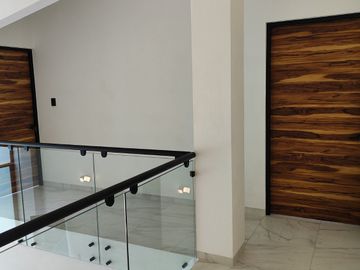 Se vende preciosa casa, sola, nueva,  de 3 recámaras con alberca, en el Fraccionamiento Las Fincas, en Jiutepec, Mor.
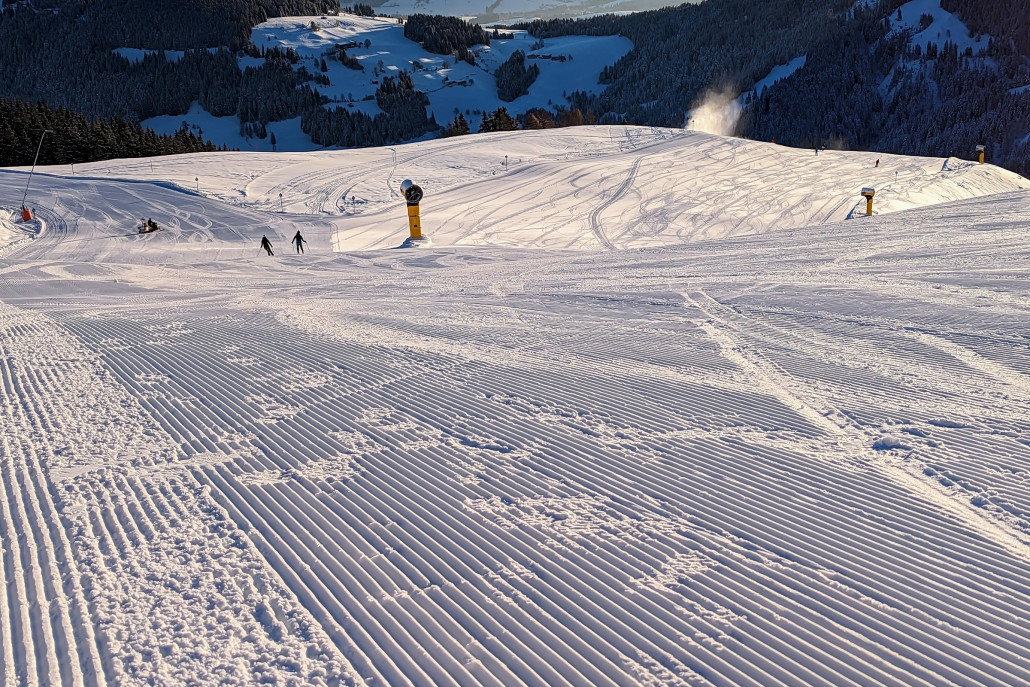 Oben am Hartkaiser, Verzweigung Talabfahrt 80 und Almbahn 98.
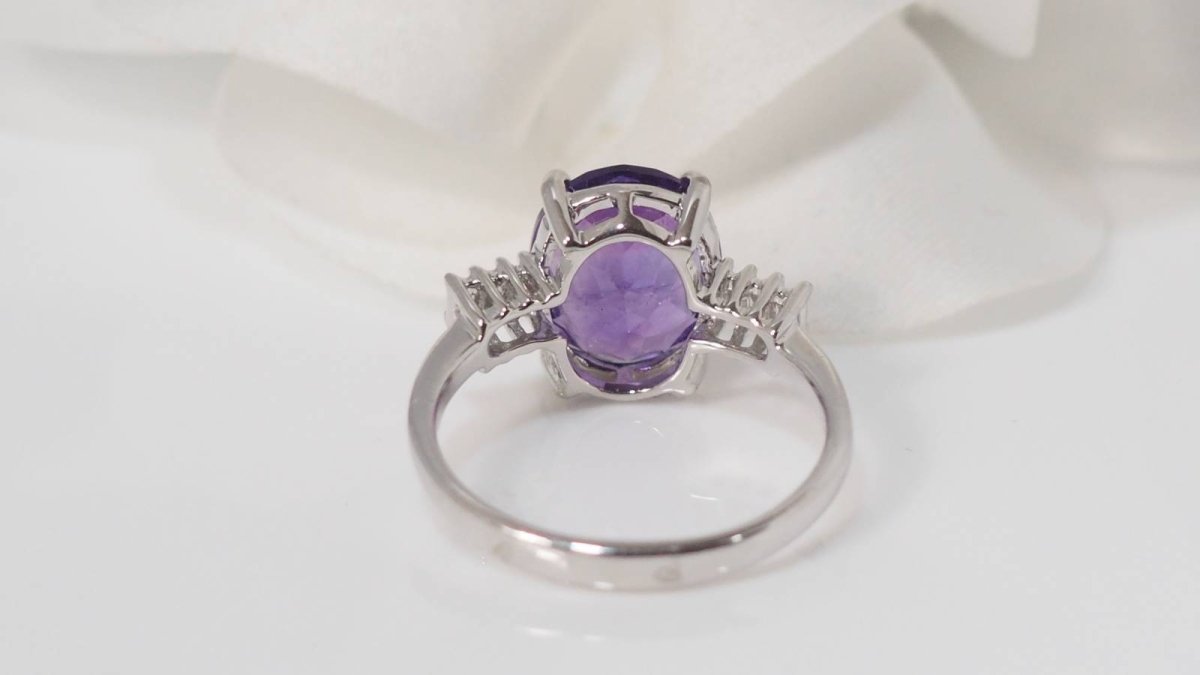 Bague en or blanc, améthyste et diamants - Castafiore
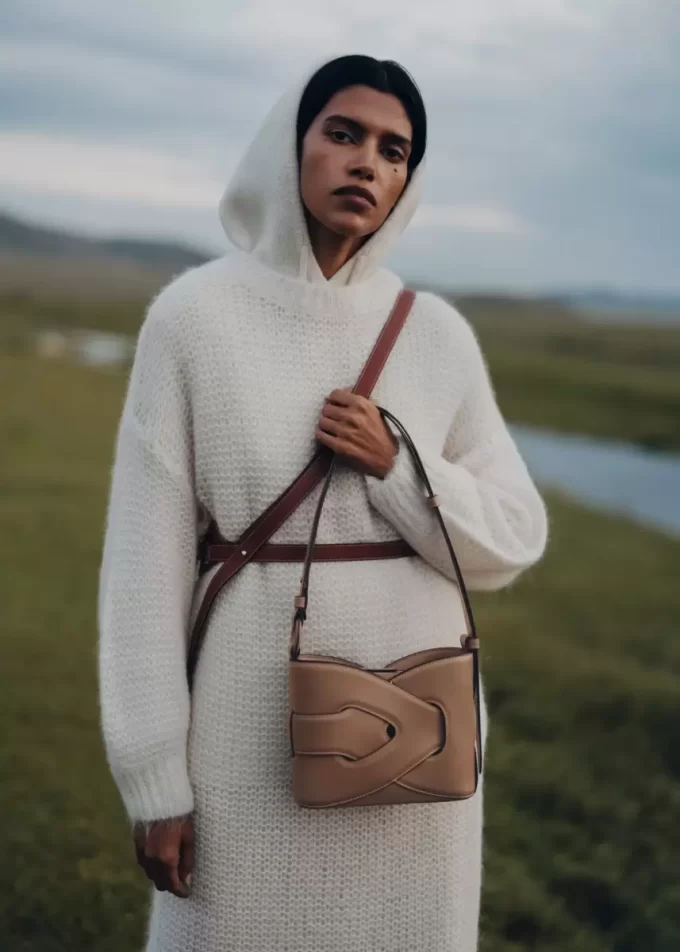 Nodde Edition  Smooth Root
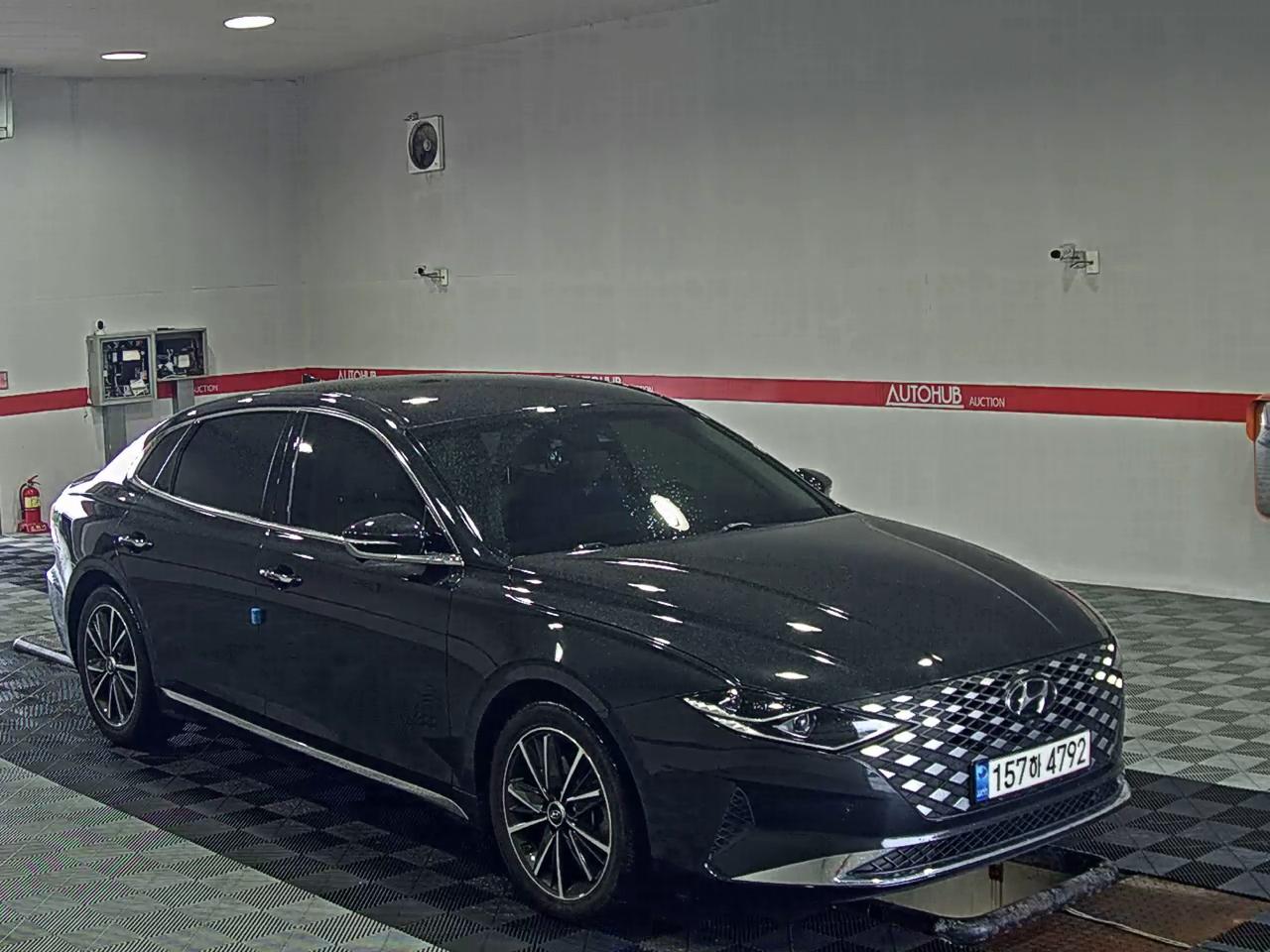 HYUNDAI THE NEW GRANDEUR IG GASOLINE 2.5 LE BLANC - фото 1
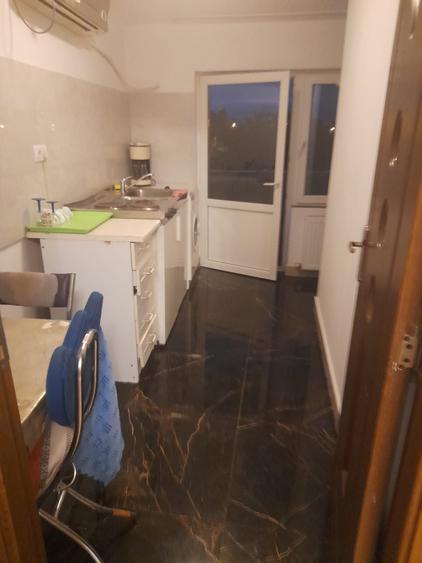 Garsonieră semidecomandată în Central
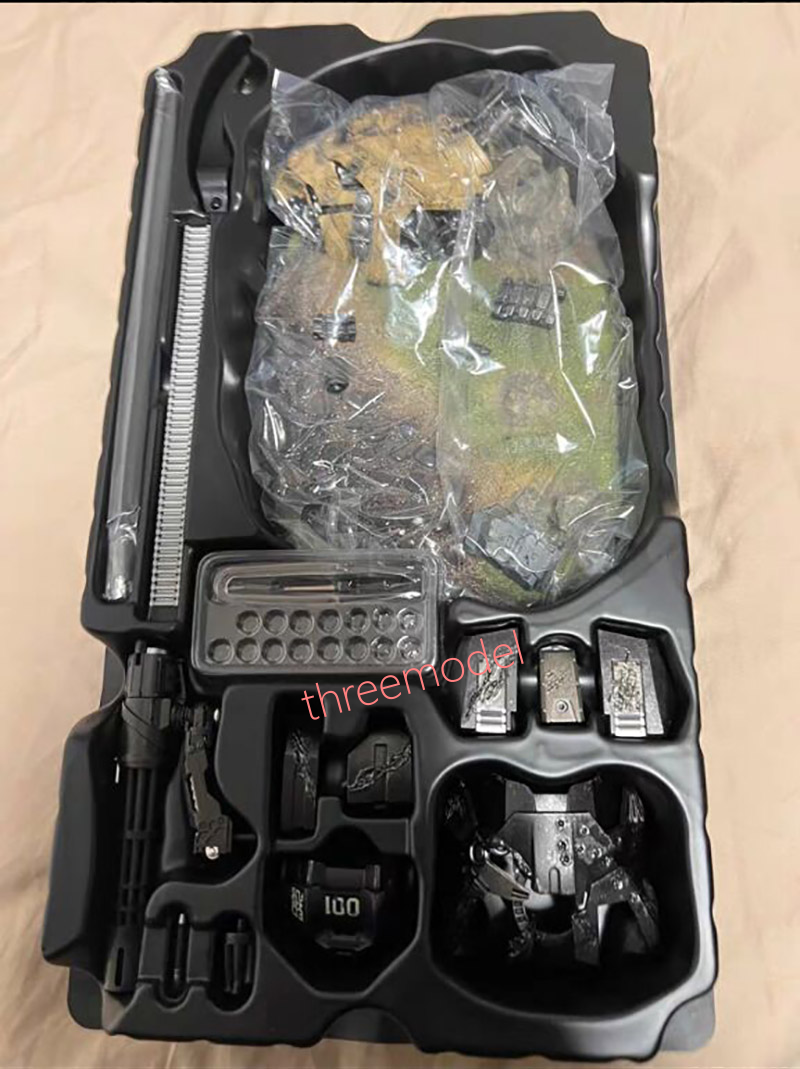 Hot Toys MMS331D13 1/6 War Machine Iron Man 2 Diecast Reissue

[GOAL OF THE EXERCISE]: Set the listing down exactly, without its pictures.

[WRITTEN ANSWER]:
 Se vende preciosa casa, sola, nueva,  de 3 recámaras con alberca, en el Fraccionamiento Las Fincas, en Jiutepec, Mor.
 Oben am Hartkaiser, Verzweigung Talabfahrt 80 und Almbahn 98.
 Bague en or blanc, améthyste et diamants - Castafiore
 Nodde Edition  Smooth Root
 HYUNDAI THE NEW GRANDEUR IG GASOLINE 2.5 LE BLANC - фото 1
 Garsonieră semidecomandată în Central
 Hot Toys MMS331D13 1/6 War Machine Iron Man 2 Diecast Reissue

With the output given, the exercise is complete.